## What you need to do:
An exact, complete copy of the entries below is required, minus any pictures.

## Supplied material:
---+---

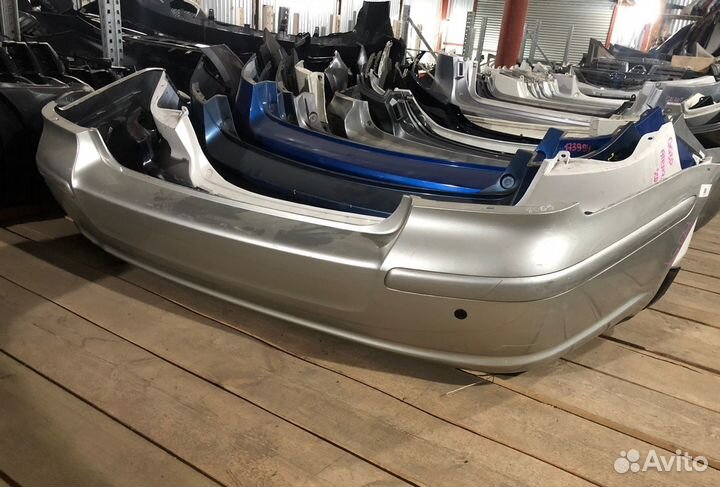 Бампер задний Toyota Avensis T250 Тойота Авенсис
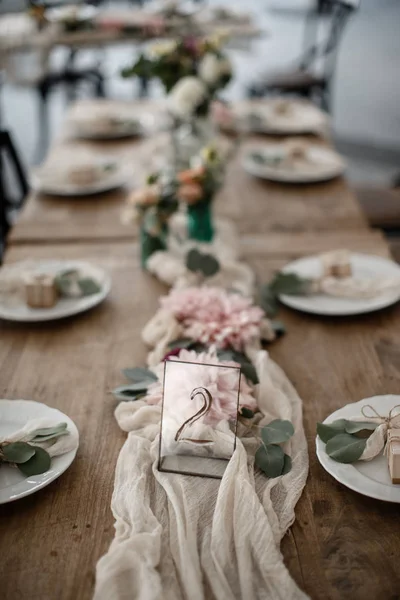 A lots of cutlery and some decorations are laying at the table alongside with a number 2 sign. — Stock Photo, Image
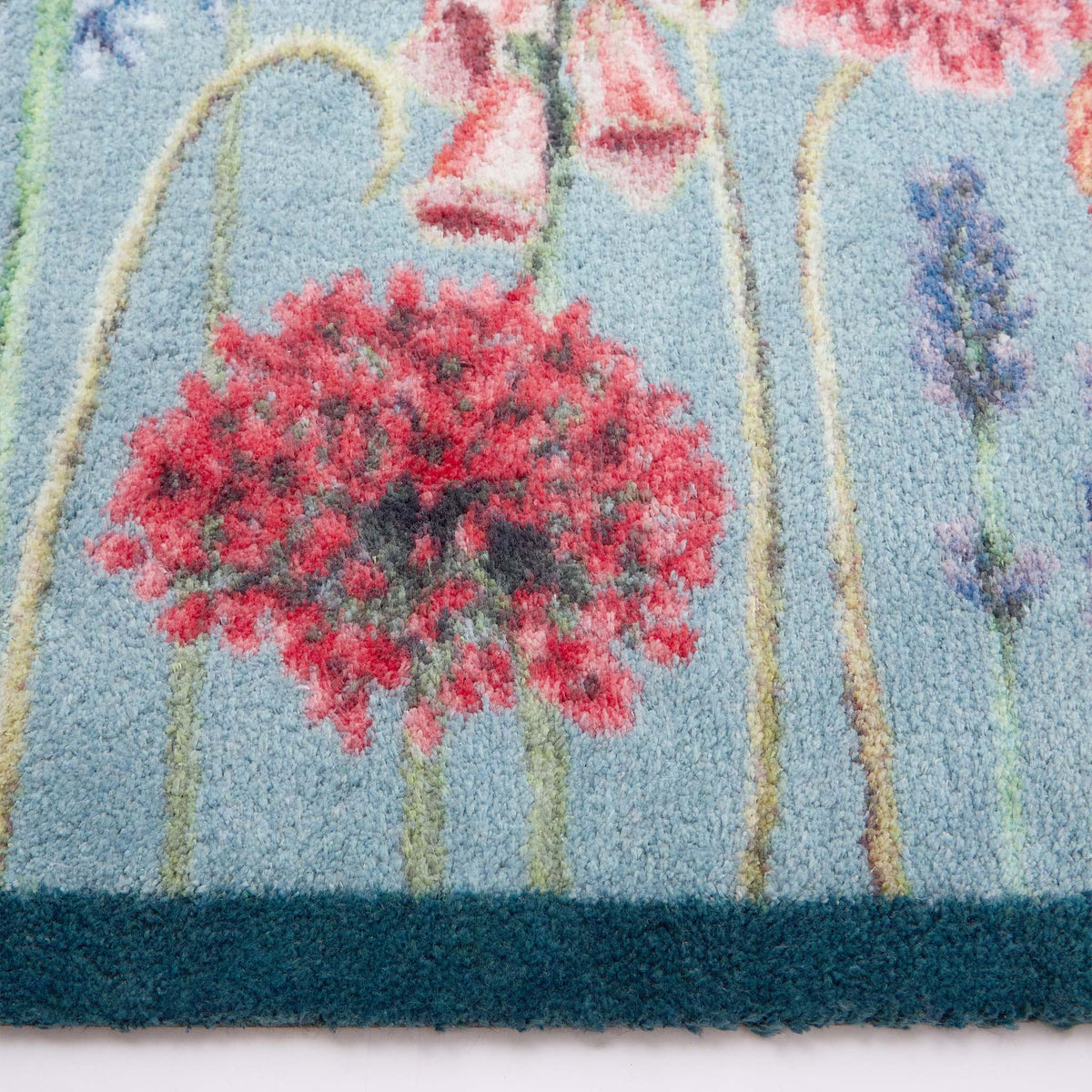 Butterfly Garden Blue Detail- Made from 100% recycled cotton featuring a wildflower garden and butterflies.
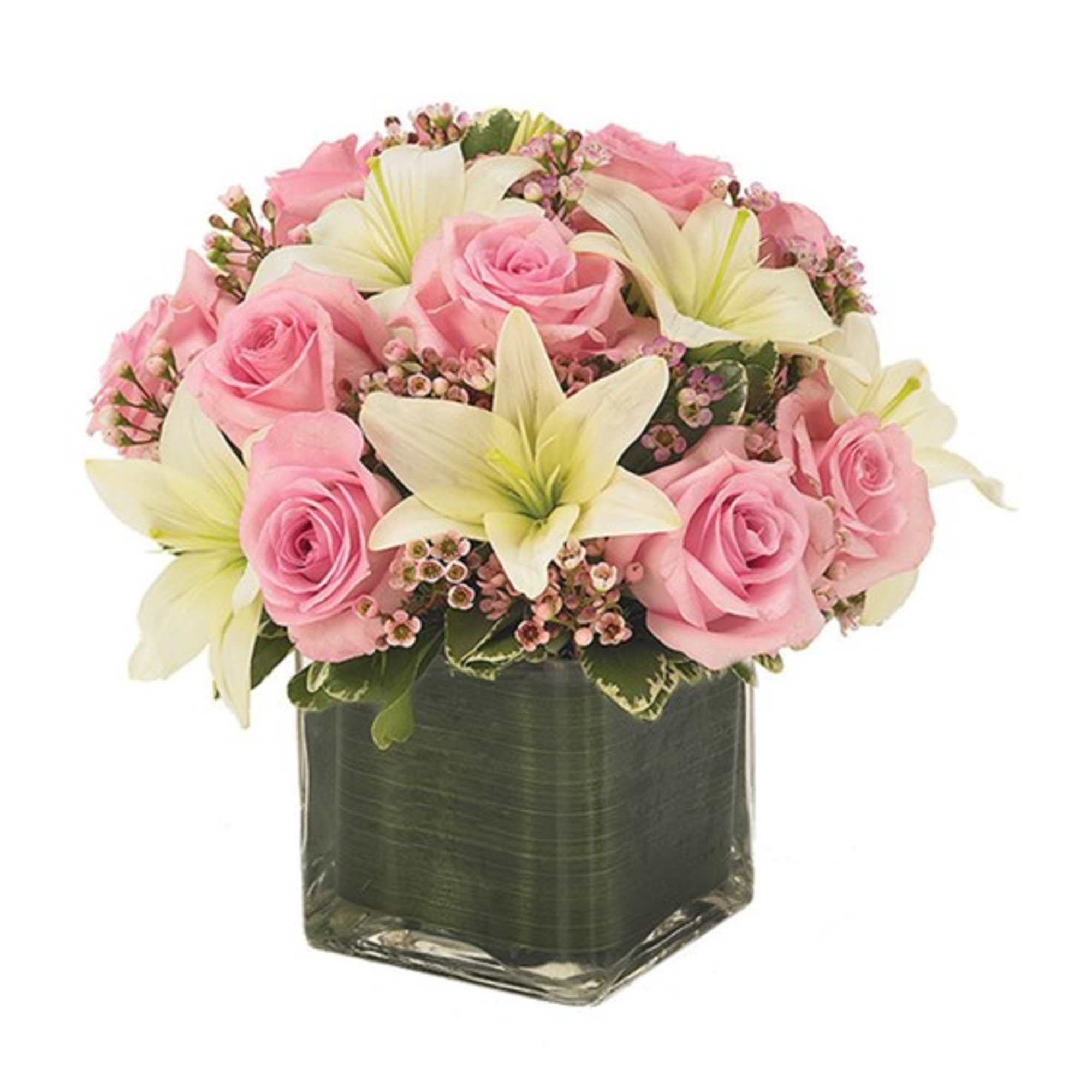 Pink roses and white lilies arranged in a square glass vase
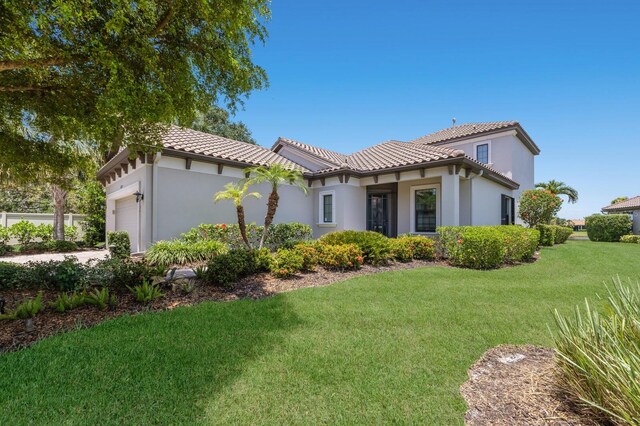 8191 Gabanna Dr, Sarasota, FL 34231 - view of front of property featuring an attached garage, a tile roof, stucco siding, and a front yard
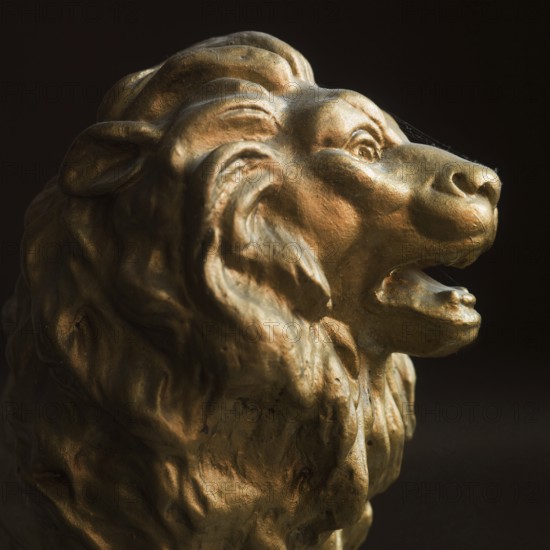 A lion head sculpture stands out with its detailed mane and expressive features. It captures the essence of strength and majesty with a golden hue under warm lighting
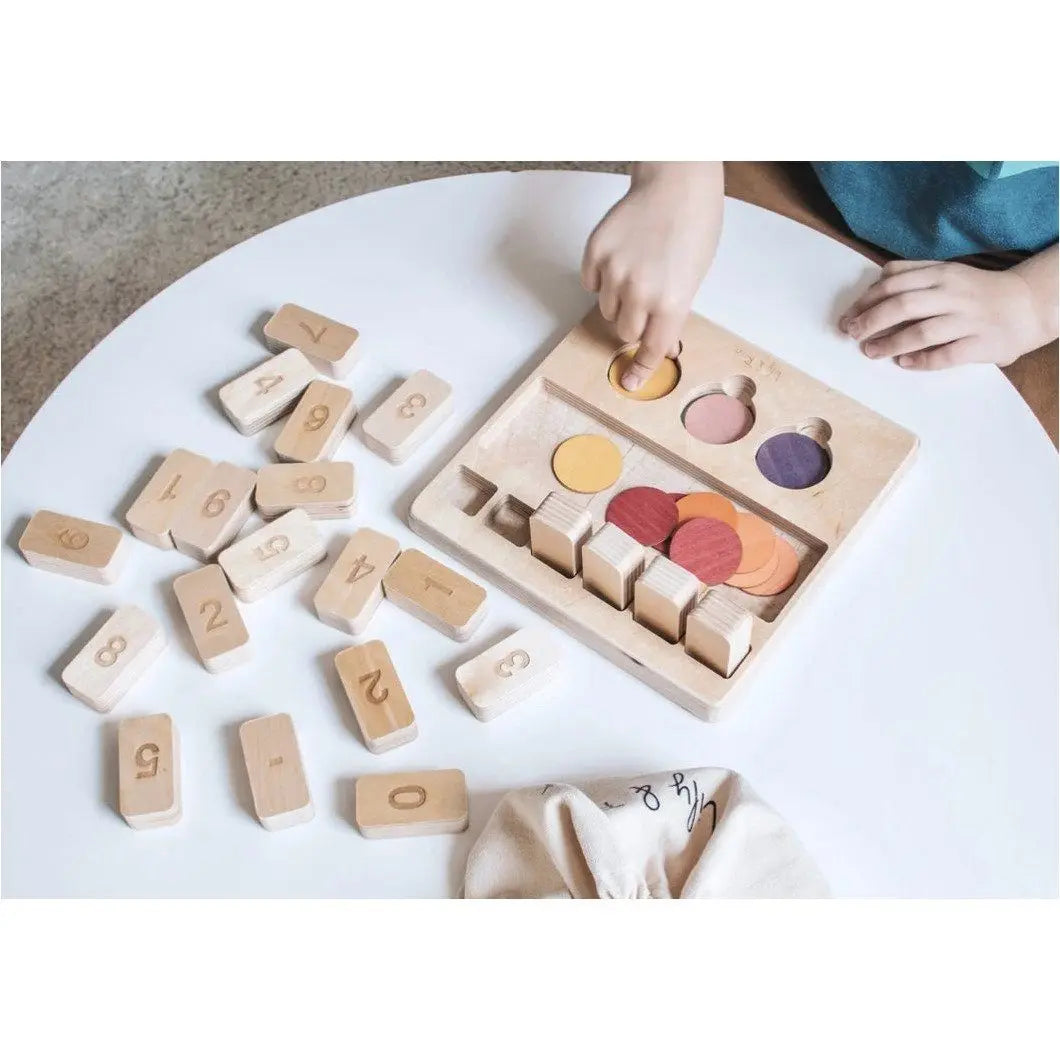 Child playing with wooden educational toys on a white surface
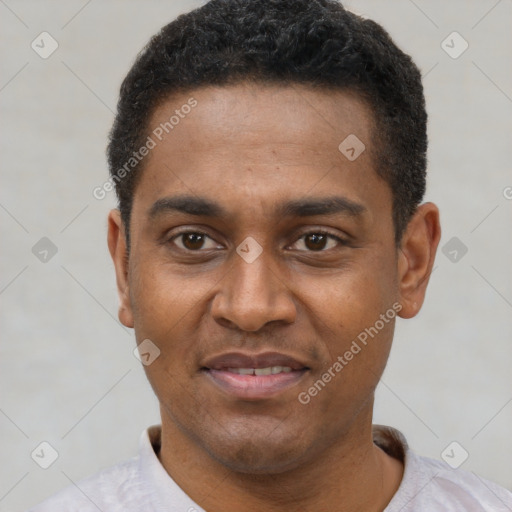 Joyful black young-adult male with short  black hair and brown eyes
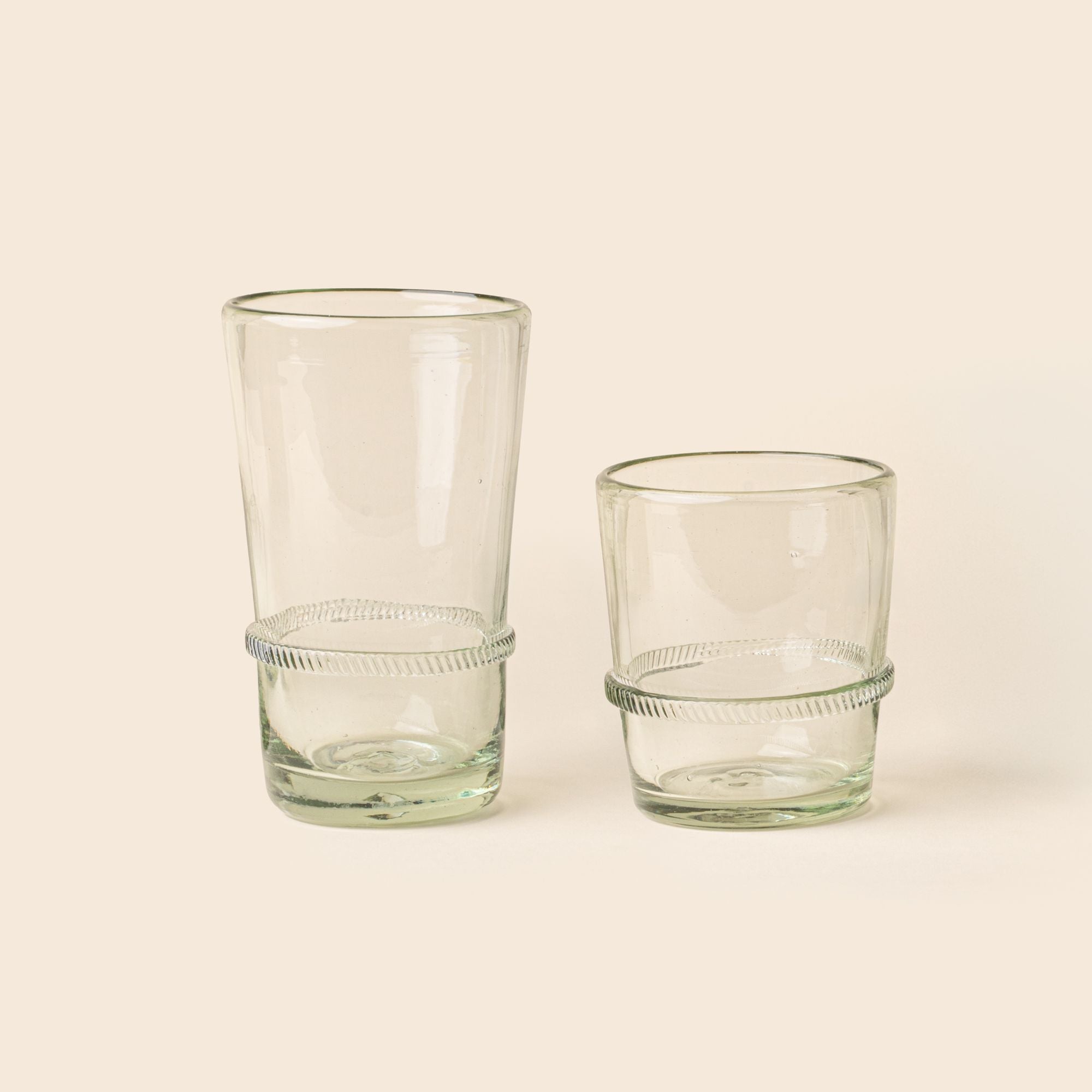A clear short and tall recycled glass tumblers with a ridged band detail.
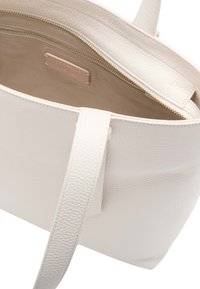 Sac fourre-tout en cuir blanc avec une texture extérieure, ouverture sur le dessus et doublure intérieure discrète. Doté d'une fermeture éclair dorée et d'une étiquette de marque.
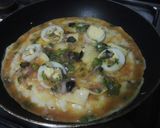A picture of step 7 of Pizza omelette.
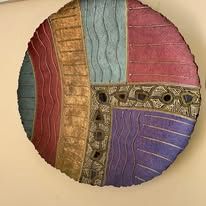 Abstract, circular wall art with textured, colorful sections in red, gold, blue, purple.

---+---

## Task output:
 Бампер задний Toyota Avensis T250 Тойота Авенсис
 A lots of cutlery and some decorations are laying at the table alongside with a number 2 sign. — Stock Photo, Image
 Butterfly Garden Blue Detail- Made from 100% recycled cotton featuring a wildflower garden and butterflies.
 Pink roses and white lilies arranged in a square glass vase
 8191 Gabanna Dr, Sarasota, FL 34231 - view of front of property featuring an attached garage, a tile roof, stucco siding, and a front yard
 A lion head sculpture stands out with its detailed mane and expressive features. It captures the essence of strength and majesty with a golden hue under warm lighting
 Child playing with wooden educational toys on a white surface
 Joyful black young-adult male with short  black hair and brown eyes
A clear short and tall recycled glass tumblers with a ridged band detail.
 Sac fourre-tout en cuir blanc avec une texture extérieure, ouverture sur le dessus et doublure intérieure discrète. Doté d'une fermeture éclair dorée et d'une étiquette de marque.
A picture of step 7 of Pizza omelette.
 Abstract, circular wall art with textured, colorful sections in red, gold, blue, purple.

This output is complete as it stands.